Continental Airlines is to appeal against a French court's decision to hold the US carrier and one of its mechanics guilty of actions that led to the July 2000 crash of a BAC-Aerospatiale Concorde on the ouskirts of Paris.

The long-running legal saga took its latest twist when the court at Pontoise, close to where the supersonic airliner crashed, found both the airline and mechanic John Taylor guilty of "involuntary manslaughter".

Taylor and his supervisor, maintenance chief Stanley Ford, were charged with ignoring proper engineering procedures in preparing a strip of titanium needed for a repair to an engine intake on one of the carrier's McDonnell Douglas DC-10s.

The DC-10 took off from the same runway just before Concorde. According to the technical investigation into the crash, the strip detached, burst Concorde's tyres and fragments penetrated the airliner's fuel tanks, causing a major fire and eventual loss of control, with the deaths of all 109 on board.

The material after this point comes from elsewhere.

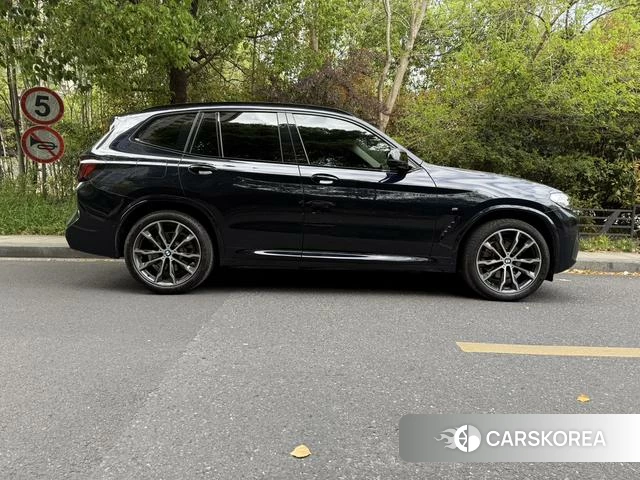 BMW X3 2022 Черный из Китая, фото 4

Four people died on the ground.

Three French personnel working for Aerospatiale and the country's aviation authority, the DGAC, were also charged in connection with the crash.

The Frenchmen and Ford were cleared, but Taylor was given a 15-month suspended sentence and fined €2,000 ($2,660). Continental was fined €200,000.

Continental immediately denounced the verdict, describing it as "absurd" and an attempt to shift the blame away from the French parties involved. In a strongly worded statement, the US carrier says: "To find that any crime was committed in this tragic accident is not supported either by the evidence at trial or by aviation authorities and experts around the world.

"Portraying the metal strip as the cause of the accident and Continental and one of its employees as the sole guilty parties shows the determination of the French authorities to shift attention and blame away from Air France, which was government-owned at the time and operated and maintained the aircraft, as well as from the French authorities responsible for the Concorde's airworthiness and safety."

Continental welcomed the decision to clear Ford and shared his relief that his "decade-long nightmare" was now over.